When Redundancy Does Not Arise#

Multiplying a Category basis with a continuous basis produces category-specific tuning curves. The intercept is not involved — the interaction columns are already linearly independent — so no column needs to be dropped:

speed = np.array([10., 3., 2., 20., 5., 8., 15., 1.])
speed_by_context = nmo.basis.Category(["L", "R"]) * nmo.basis.RaisedCosineLinearEval(3)
X_interact = speed_by_context.compute_features(category, speed)

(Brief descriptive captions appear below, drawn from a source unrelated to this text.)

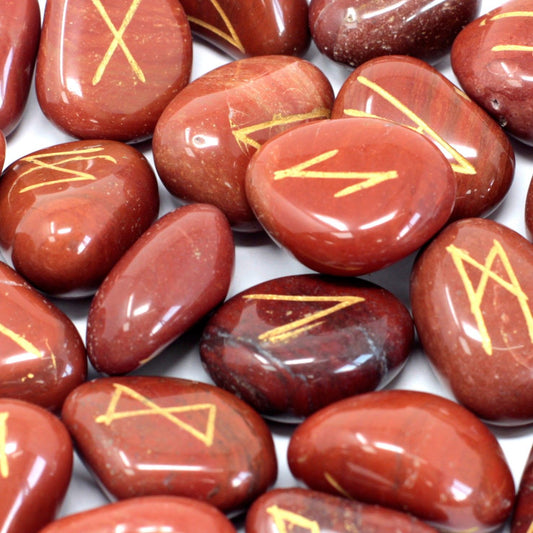 Set de Runes en Jaspe Rouge — Ancrage & Vitalité (avec pochette)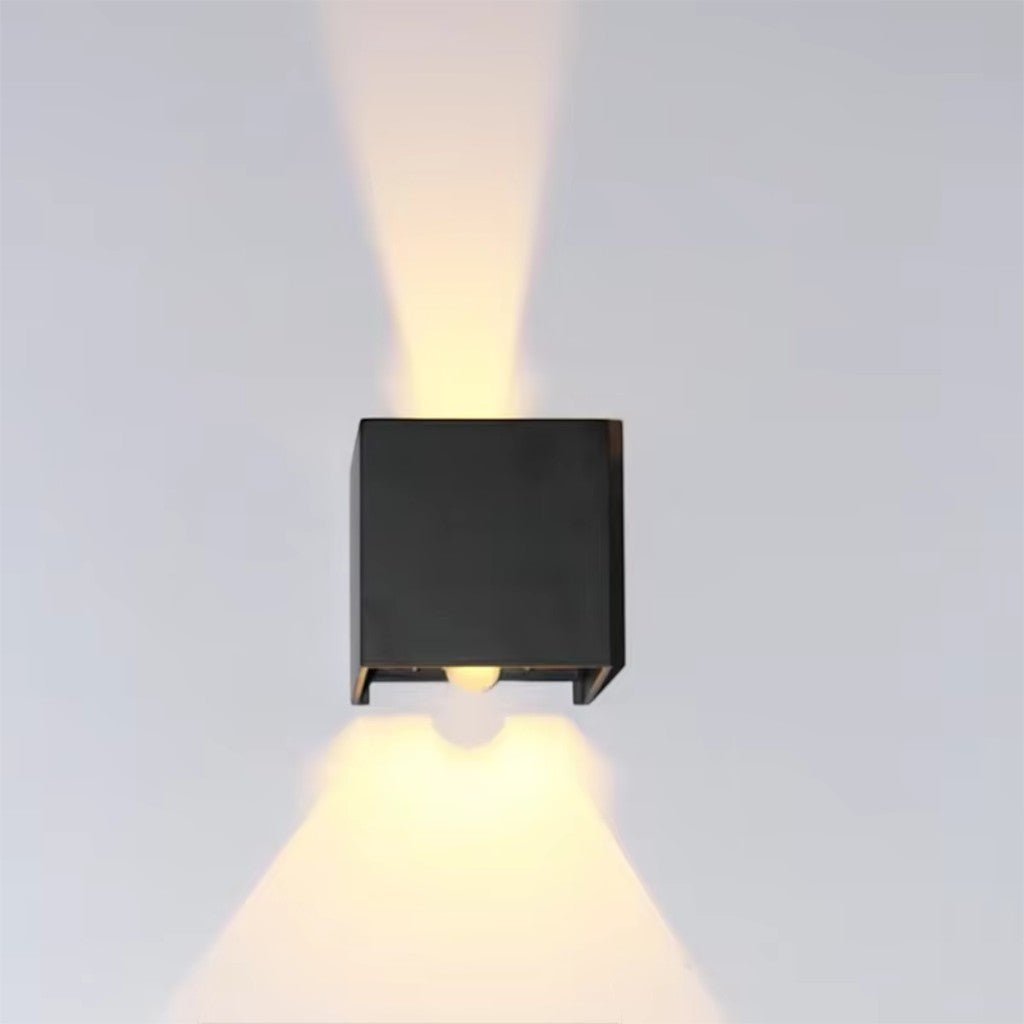https://cdn.shopify.com/s/files/1/0655/0464/1076/files/led-outdoor-wall-light-motion-sensor-ip65-up-down-sconce-1437756.jpg?v=1779807073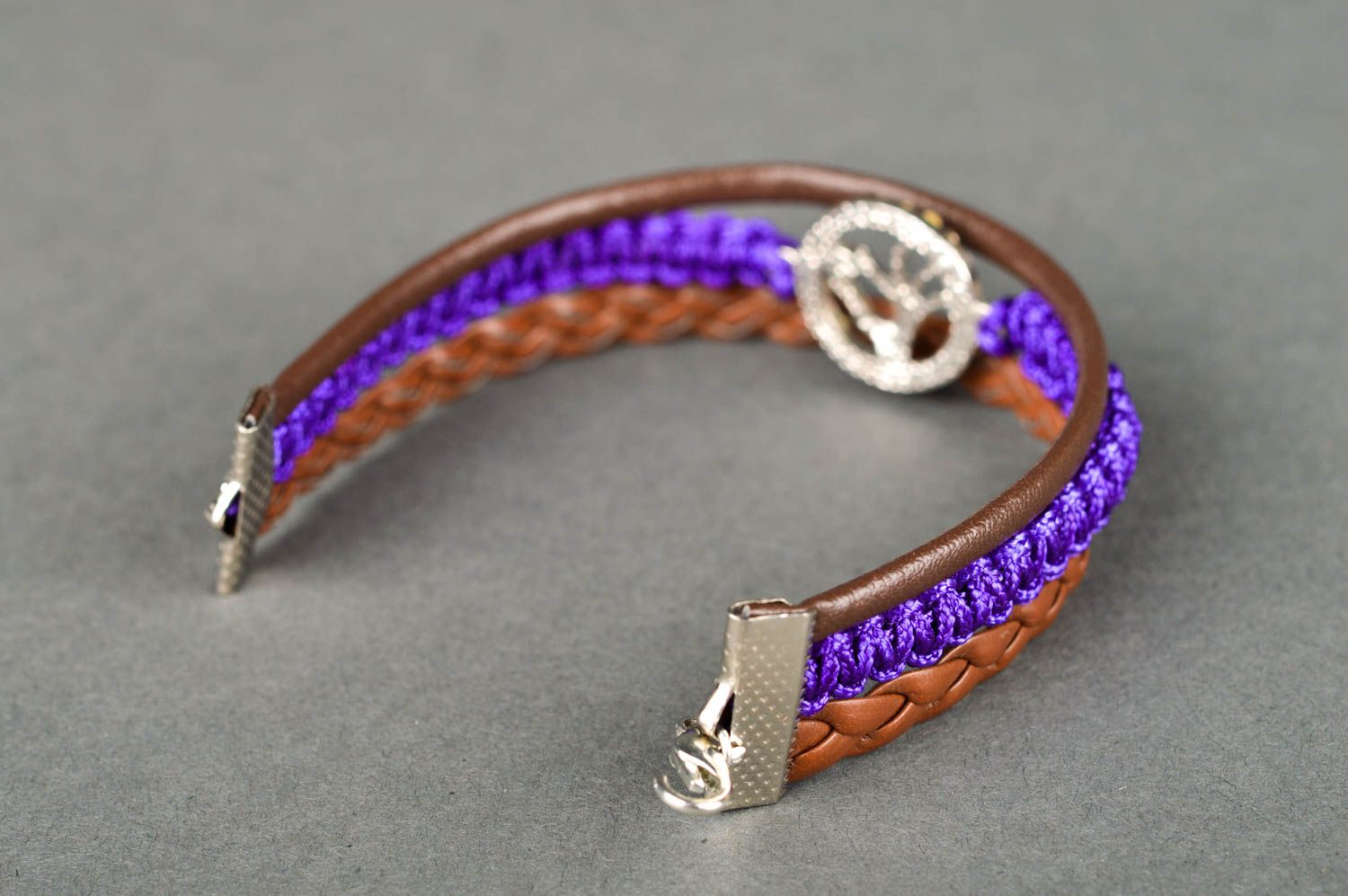 Браслет из шнуров браслет ручной работы модная бижутерия коричневая с фиолетовым фото 5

# Full-rank even without dropping anything
X_interact_aug = np.column_stack([np.ones(len(category)), X_interact])
print("Number of columns:", X_interact_aug.shape[1])
print("Rank:             ", np.linalg.matrix_rank(X_interact_aug))

Number of columns: 7
Rank:              7

See Design Matrices Construction for worked examples of this pattern.

Effect of Regularization#

If all columns are retained (no reference dropped), whether the fitted coefficients are unique depends on the regularizer:

Regularizer	Unique solution?	Notes
None (unregularized)	No	Any redistribution of the total effect across redundant columns that preserves predictions is equally valid. Do not interpret individual coefficients.
Ridge (L2)	Yes	The L2 penalty is symmetric; it selects a unique solution by shrinking coefficients, effectively imposing a specific linear relationship between the intercept and category coefficients. The solution is well-defined but the coefficients do not have a contrast interpretation.
Lasso (L1)	No	The L1 penalty does not restore uniqueness along the degenerate directions. Multiple solutions can achieve the same objective value. Coefficient values are solver-dependent.
Elastic net	Yes	The L2 component restores strict convexity [2]. Unique, but less interpretable than pure Ridge; dropping a reference is recommended whenever interpretation matters.

In practice, we advise to always drop a reference column when using Category as a standalone predictor, regardless of regularizer. This makes coefficients interpretable as contrasts and avoids solver-dependent results.